Construction jobs, for example, pay on par or better and allow workers to be home more with their families. Long-distance truckers can be on the road for weeks at a time. (source)



If a kink in the chain develops, there are fewer people capable of stepping in when needed.


Imagine If Truckers Went on Strike


If long-haul truckers were to strike, the store shelves would be bare within days. Everything from food, medicines, toilet paper, to gasoline would disappear from store shelves. Life as we know it would come to a grinding halt.


Back in 2008, diesel fuel prices rose so high that truckers protested and rallied in cities across the US, threatening to go on strike.


Independent U.S. truckers are planning to stop hauling freight Tuesday in protest of record-high diesel prices that drivers say they can no longer afford.


Independent truckers, who constitute 90 percent of the nation’s trucking fleet, are being hit especially hard by soaring diesel prices and compensation lags far behind rising costs, according to the American Trucking Association. (source)
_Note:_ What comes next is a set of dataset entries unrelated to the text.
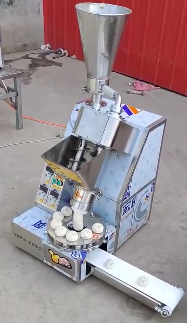 食品機(jī)械 食品機(jī)械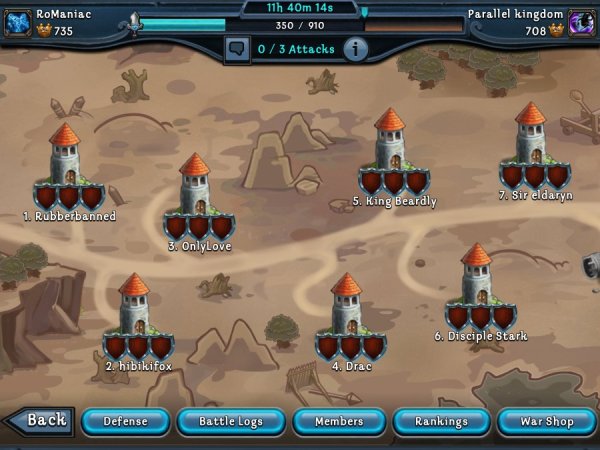 dragonsoul guild war guide 01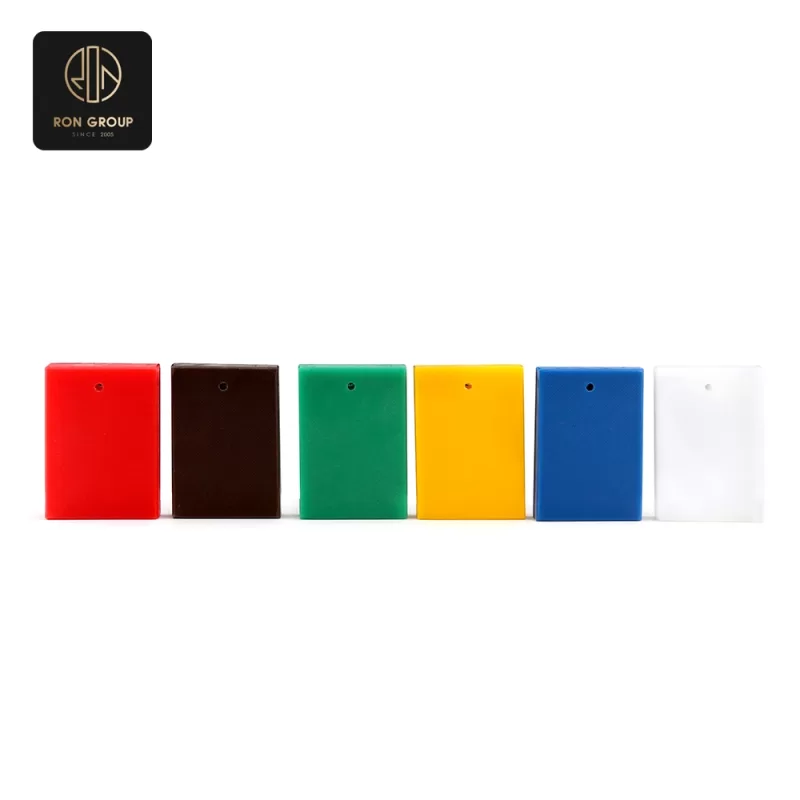 Cutting Board Series B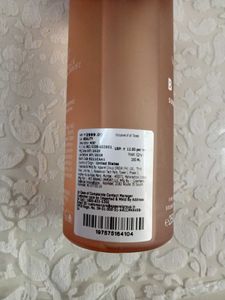 Victoria's Secret Bare Sueded Vanilla Mist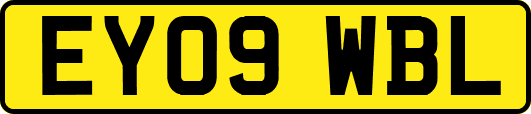 EY09WBL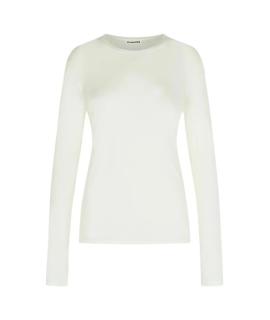 JIL SANDER Лонгслив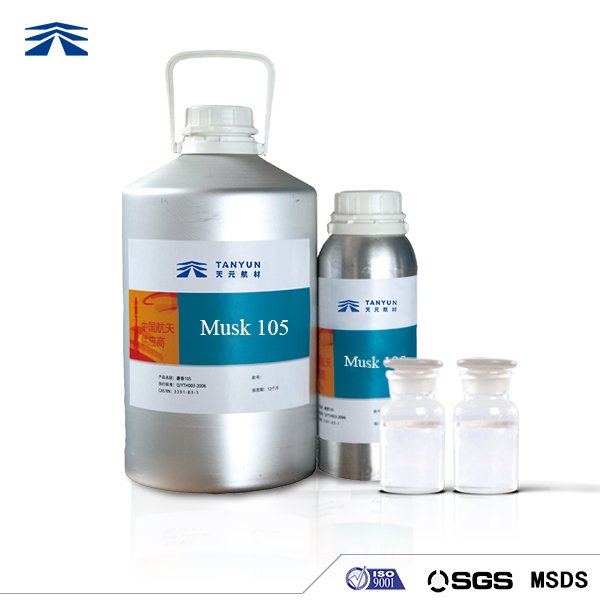 Manufacturer Supply Perfume Fixative MUSC R-1 11-Oxahexadecanolide CAS 3391-83-1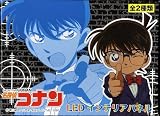 名探偵コナン LED インテリアパネル B(コナン&工藤新一)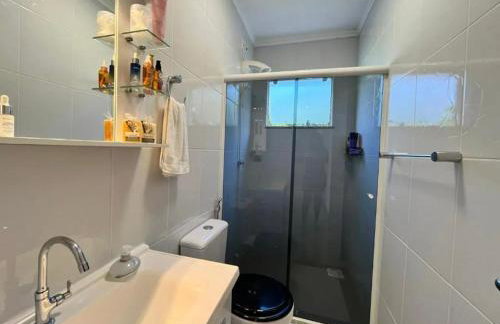 Colina do sol - Foto 5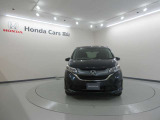 フリード 1.5 G ホンダセンシング 4WD 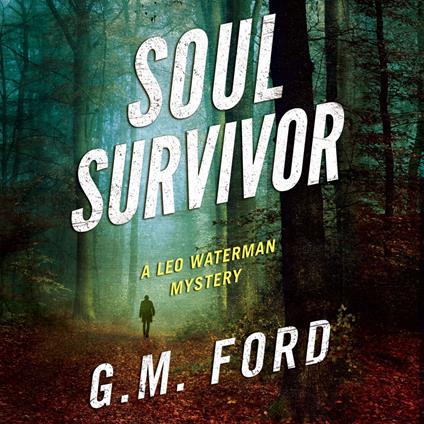 Soul Survivor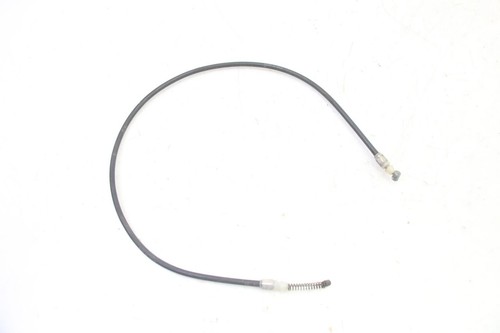 Cable ouverture selle - selle,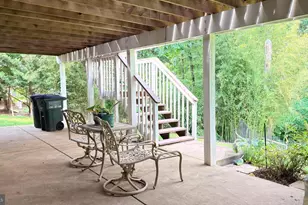21004 Starflower Way, Ashburn, VA 20147 - Photo 40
Thankfully, we didn’t experience a nationwide trucker strike that time. The economy was already on shaky ground as it was.


Just 5 days Until Chaos


So, how long would we really have? You need to check out this article with a video on how we only have about five days before things get really bad. Two quotes from the video really stood out to me. First:


“The growth and population in this country, and the need for the movement of goods and services, is literally going to overwhelm the infrastructure as we know it today.”


And the second quote:


“We are now investing a smaller percentage of our Gross Domestic Product in transportation infrastructure than many third world countries.”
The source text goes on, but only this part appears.